Valerie Cherneski is a certified executive coach, facilitator and speaker who uses her background in law and psychology to motivate change and development. As the Founder of Cherneski Coaching, Valerie focuses her practice on highly driven lawyers and corporate professionals, and assists them on a variety of issues to streamline their lives and build further upon their success. Valerie serves clients across the United States and Canada and is a member of the iRelaunch coaching team.
Relaunching your career following a break requires you to re-organize your life and embark on many activities that you likely haven’t done for a while – create a Linkedin profile, apply for jobs, prepare for interviews, and take the leap of faith to get yourself back in the market. On top of all of this, you may worry that your age will hold you back – that’s a lot to have on your already full plate
Age is a top concern for relaunchers. This is the case for relaunchers of all ages, because whether age is going to be an issue depends on more than just your actual age – it can also depend on your industry, the length of your break, and whether you are making a career transition while relaunching.

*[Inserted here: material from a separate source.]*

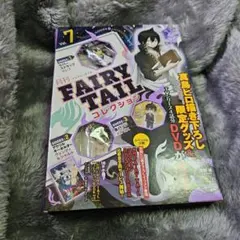 2026年最新】月刊 フェアリーテイルの人気アイテム - メルカリ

Age, however, should not hold you back. When you are looking for work, imagine presenting yourself as a full pie. There are many pieces that make up the pie and age is just one piece of the pie. So when an employer is considering you for a role, she/he is looking at the entire pie that is you.
The good news is that your age is one of the only pieces of the pie that you cannot control, so let’s get busy working on all of the other pieces that are going to make you the best candidate for the role: your experience, your strengths, your stability and loyalty, your wisdom, your responsibility, your readiness to work with renewed focus and determination, your skills you are updating or learning, and your passion for the role.

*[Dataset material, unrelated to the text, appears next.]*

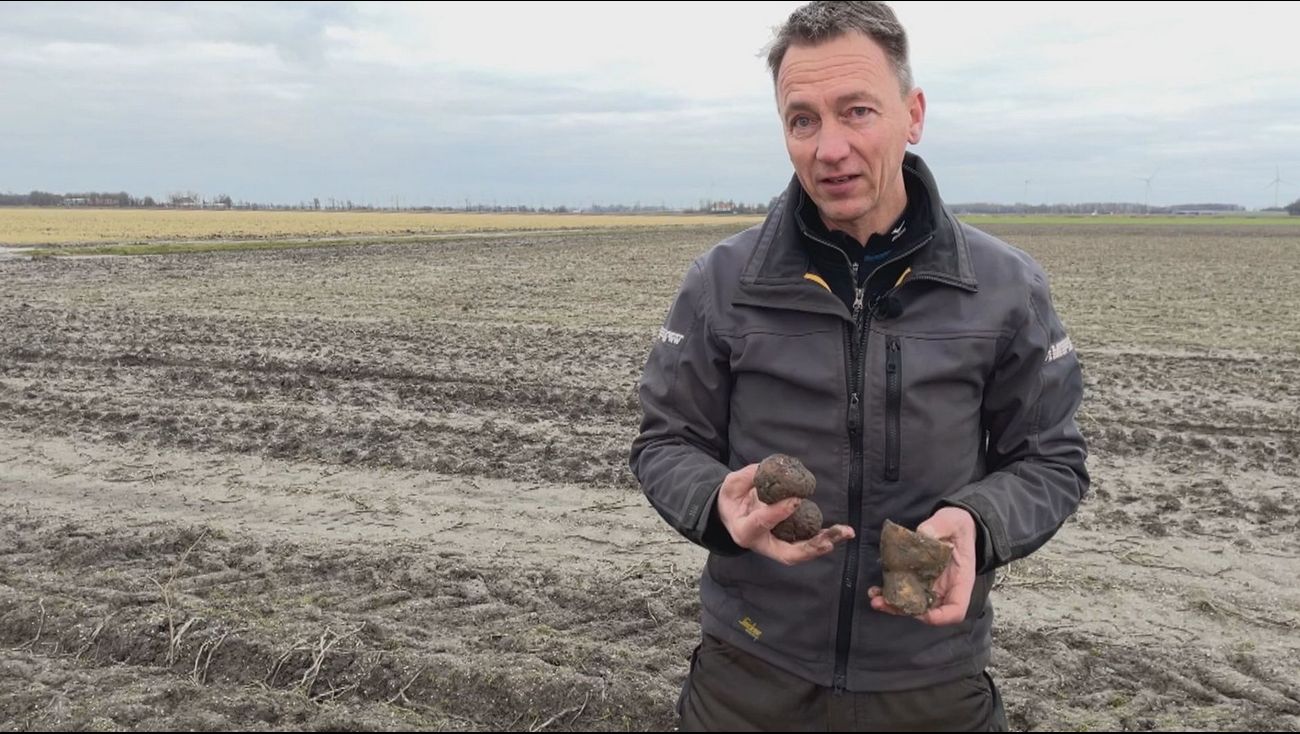 Nieuws - Boer Joop uit Nagele ziet oogst verloren gaan door vorst: '75.000 euro schade'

Practically speaking, when preparing for meetings and interviews, put yourself in the shoes of your interviewer and get ahead of what she/he may be thinking:
- If you are worried they may see you as outdated, speak to this in your interview and demonstrate that this is not the case because you are a quick learner, you have kept up to date, and have a natural ability to adapt. Do your research and dress for the part – don’t underestimate the message you can send through your appearance.
- If you are worried that your potential new manager, who is younger, may be concerned about managing an older employee, speak to your strengths as a team player, your success in the past working with people of all ages, your eagerness to learn and your lack of interest in office politics.

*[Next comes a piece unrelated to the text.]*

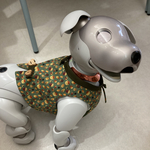 aiboちゃんのどんぐりゴロゴロ 柄トップス　aibo's tops Autumn color ウエストタブ付き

- If you are worried that you will appear overqualified (which could be age related), get straight to the point and explain why the role is exactly what you want at this stage of your career. Be clear that you intentionally chose that role and show them why your skills are a great fit.
ALWAYS use examples. Saying you are a quick learner is not enough – immediately follow through with an example from your past that highlights this quality. This proves your point and makes you memorable.
If you make age a big deal, it will show. You cannot turn back time, so build your confidence by owning your age and recognizing it is only one piece of the pie AND it could be a real plus – it’s up to you make it so!